The European Commission’s evaluation of the Vertical Block Exemption Regulation and the Vertical Guidelines has shown that, whilst these tools continue to serve a useful purpose, there is room for improvement in a number of areas.

Background

On 8 September 2020, the European Commission (Commission) published a Staff Working Document that summarises the findings of its evaluation of the Vertical Block Exemption Regulation (VBER)1, together with the Guidelines on Vertical Restraints (Vertical Guidelines)2. The evaluation represents the first phase in the Commission’s ongoing review of the VBER ahead of its expiry on 31 May 2022. It was aimed at gathering evidence on the functioning of the VBER, together with the Vertical Guidelines, in order to decide whether it should lapse, be renewed in its current form, or be revised.

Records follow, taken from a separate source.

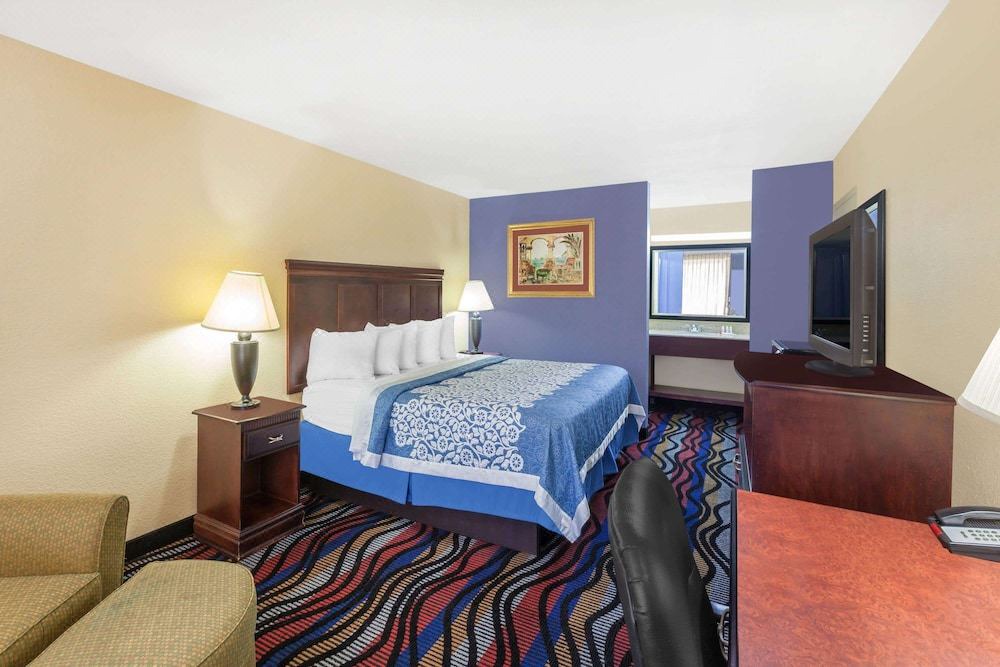 Photo of Bedroom in Uvalde
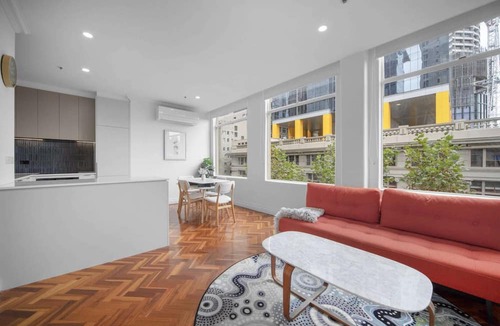 Melbourne Central Business District Apartment | Chic 1-Bed Apartment In the Heart of Melbourne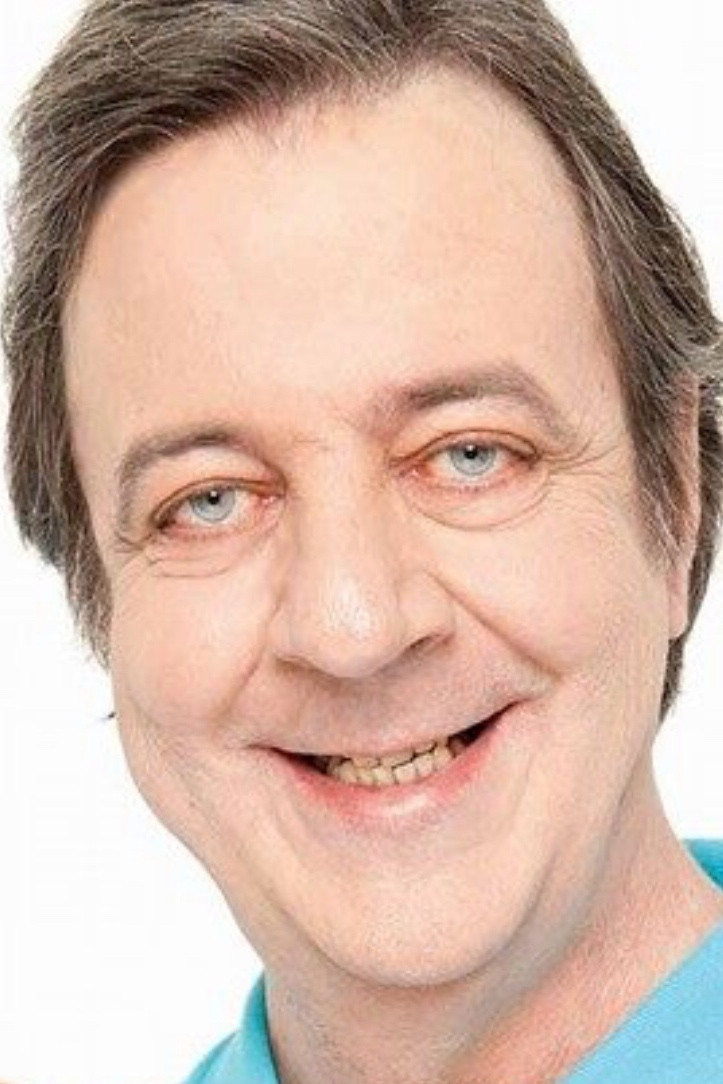 Fernando Ferrão backdrop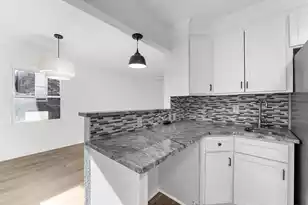 325 Fairington Dr, Summerville, SC 29485 - Photo 13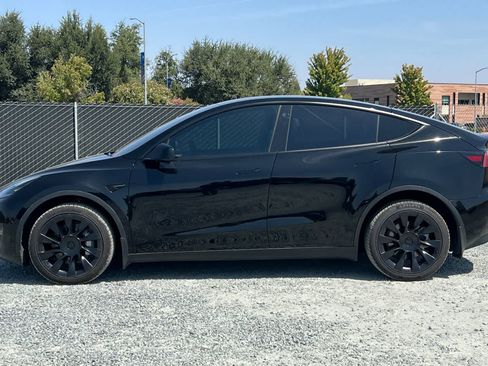 Used 2023 Tesla Model Y Long Range AWD/4WD image 6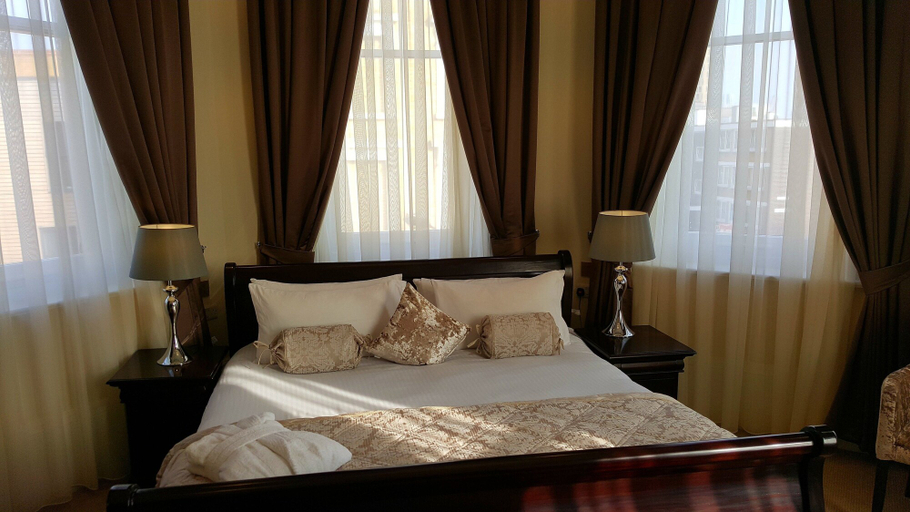 Bedroom 4, The Lansbury Heritage Hotel & Spa by Sunday Canary Wharf, London, London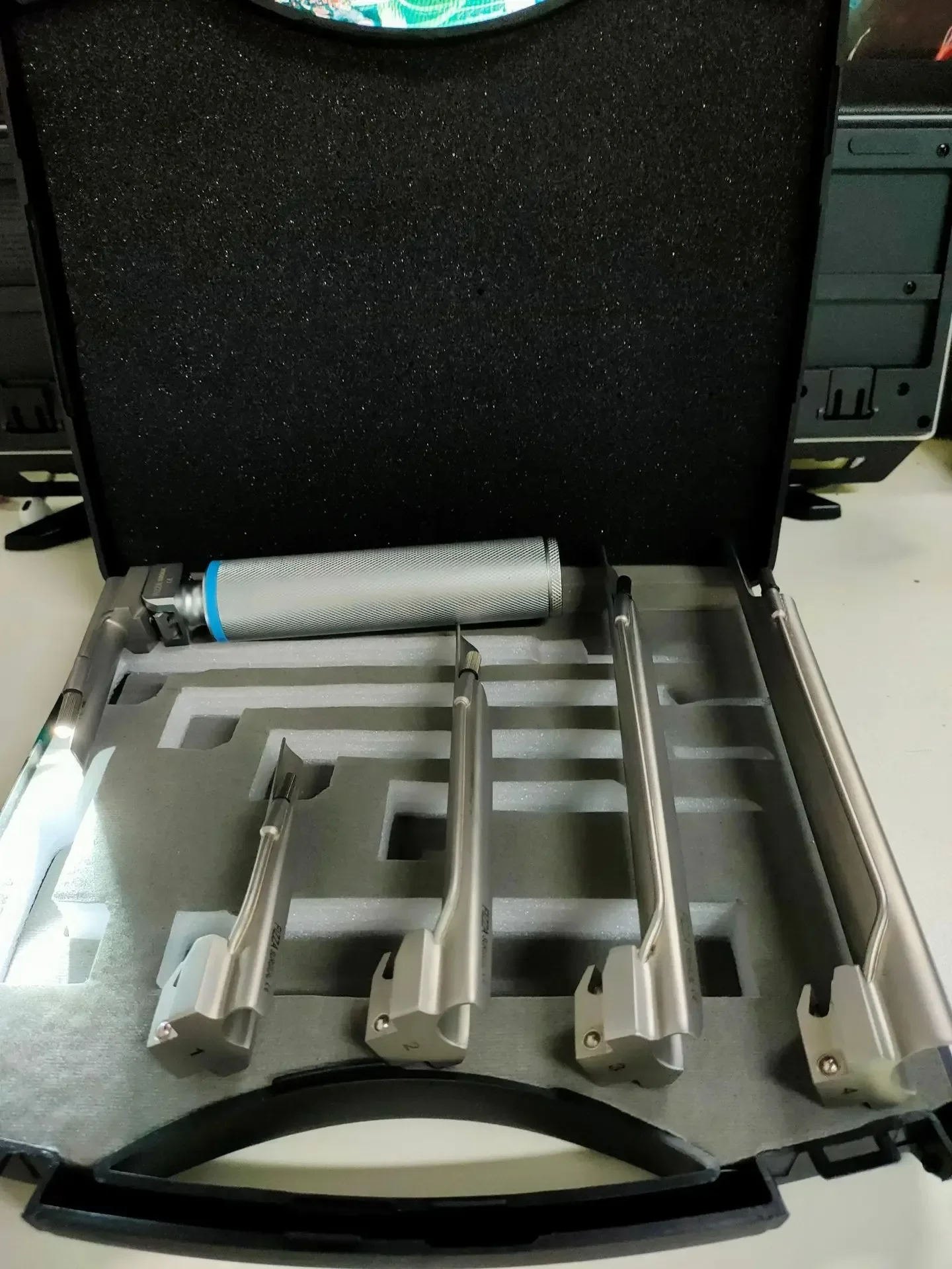 

Animal LED Laryngoscope With Qptional 3 Pieces And 5 Pieces, Stainless Steel Animal Anesthesia Laryngoscope Accessories Clinic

The VBER defines those categories of vertical agreements that are exempted from the prohibition on anti-competitive agreements (Article 101 TFEU), on the basis that their restrictive effects are counterbalanced by pro-competitive effects (in accordance with Article 101(3) TFEU). It is intended to provide legal certainty to stakeholders as to which vertical agreements can be considered compliant with Article 101 TFEU based on a simpler set of rules, and which agreements require an extended individual assessment. It also aims to serve as a common framework of assessment for national competition authorities (NCAs) and national courts, in order to ensure consistency in the application of the relevant rules and, therefore, a level playing field for businesses operating across the EU.

The evaluation has shown that the VBER and the Vertical Guidelines are still relevant. There is consensus that they are useful tools that greatly facilitate the self-assessment of vertical agreements and therefore help reduce compliance costs for businesses entering into such agreements.

At the same time, the evaluation has identified a number of issues with regard to the functioning of the rules. But there is no suggestion that the regime will be fundamentally overhauled. Rather, the current direction of travel appears to be to hone and modernise the rules. In this alert, we pick out the key areas where we can expect to see changes.

 

Adapting the rules to the changed market landscape

A key concern that arises from the evaluation is the fact that the current rules are not well adapted to market developments that have taken place since the adoption of the rules.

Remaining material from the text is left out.